[Provided records Boundary: Start]

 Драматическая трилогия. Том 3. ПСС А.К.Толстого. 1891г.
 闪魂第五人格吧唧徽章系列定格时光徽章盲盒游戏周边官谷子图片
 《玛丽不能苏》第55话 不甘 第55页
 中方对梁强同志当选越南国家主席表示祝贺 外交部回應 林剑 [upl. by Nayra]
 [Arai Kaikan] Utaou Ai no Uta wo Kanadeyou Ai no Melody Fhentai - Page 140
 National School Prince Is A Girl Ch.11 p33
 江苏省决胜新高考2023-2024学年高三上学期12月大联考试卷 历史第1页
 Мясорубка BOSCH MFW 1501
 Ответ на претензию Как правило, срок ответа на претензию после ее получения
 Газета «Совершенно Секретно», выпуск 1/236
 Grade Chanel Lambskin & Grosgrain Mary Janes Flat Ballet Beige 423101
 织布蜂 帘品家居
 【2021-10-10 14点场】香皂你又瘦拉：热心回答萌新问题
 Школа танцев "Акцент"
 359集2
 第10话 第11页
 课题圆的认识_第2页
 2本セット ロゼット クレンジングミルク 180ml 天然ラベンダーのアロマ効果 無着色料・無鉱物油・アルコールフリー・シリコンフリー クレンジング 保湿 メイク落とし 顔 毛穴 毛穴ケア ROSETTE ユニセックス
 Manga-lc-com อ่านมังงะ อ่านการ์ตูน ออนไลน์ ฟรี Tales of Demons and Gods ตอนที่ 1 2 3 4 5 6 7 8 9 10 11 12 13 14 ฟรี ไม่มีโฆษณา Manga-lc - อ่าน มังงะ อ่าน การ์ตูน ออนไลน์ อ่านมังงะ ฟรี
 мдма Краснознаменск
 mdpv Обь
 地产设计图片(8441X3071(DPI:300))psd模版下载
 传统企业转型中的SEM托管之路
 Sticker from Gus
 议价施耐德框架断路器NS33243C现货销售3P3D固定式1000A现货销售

[Provided records Boundary: End]

> Requirement: Write the material out again in full, leaving no line out.

> Answer for this exercise:
 Драматическая трилогия. Том 3. ПСС А.К.Толстого. 1891г.
 闪魂第五人格吧唧徽章系列定格时光徽章盲盒游戏周边官谷子图片
 《玛丽不能苏》第55话 不甘 第55页
 中方对梁强同志当选越南国家主席表示祝贺 外交部回應 林剑 [upl. by Nayra]
 [Arai Kaikan] Utaou Ai no Uta wo Kanadeyou Ai no Melody Fhentai - Page 140
 National School Prince Is A Girl Ch.11 p33
 江苏省决胜新高考2023-2024学年高三上学期12月大联考试卷 历史第1页
 Мясорубка BOSCH MFW 1501
 Ответ на претензию Как правило, срок ответа на претензию после ее получения
 Газета «Совершенно Секретно», выпуск 1/236
 Grade Chanel Lambskin & Grosgrain Mary Janes Flat Ballet Beige 423101
 织布蜂 帘品家居
 【2021-10-10 14点场】香皂你又瘦拉：热心回答萌新问题
 Школа танцев "Акцент"
 359集2
 第10话 第11页
 课题圆的认识_第2页
 2本セット ロゼット クレンジングミルク 180ml 天然ラベンダーのアロマ効果 無着色料・無鉱物油・アルコールフリー・シリコンフリー クレンジング 保湿 メイク落とし 顔 毛穴 毛穴ケア ROSETTE ユニセックス
 Manga-lc-com อ่านมังงะ อ่านการ์ตูน ออนไลน์ ฟรี Tales of Demons and Gods ตอนที่ 1 2 3 4 5 6 7 8 9 10 11 12 13 14 ฟรี ไม่มีโฆษณา Manga-lc - อ่าน มังงะ อ่าน การ์ตูน ออนไลน์ อ่านมังงะ ฟรี
 мдма Краснознаменск
 mdpv Обь
 地产设计图片(8441X3071(DPI:300))psd模版下载
 传统企业转型中的SEM托管之路
 Sticker from Gus
 议价施耐德框架断路器NS33243C现货销售3P3D固定式1000A现货销售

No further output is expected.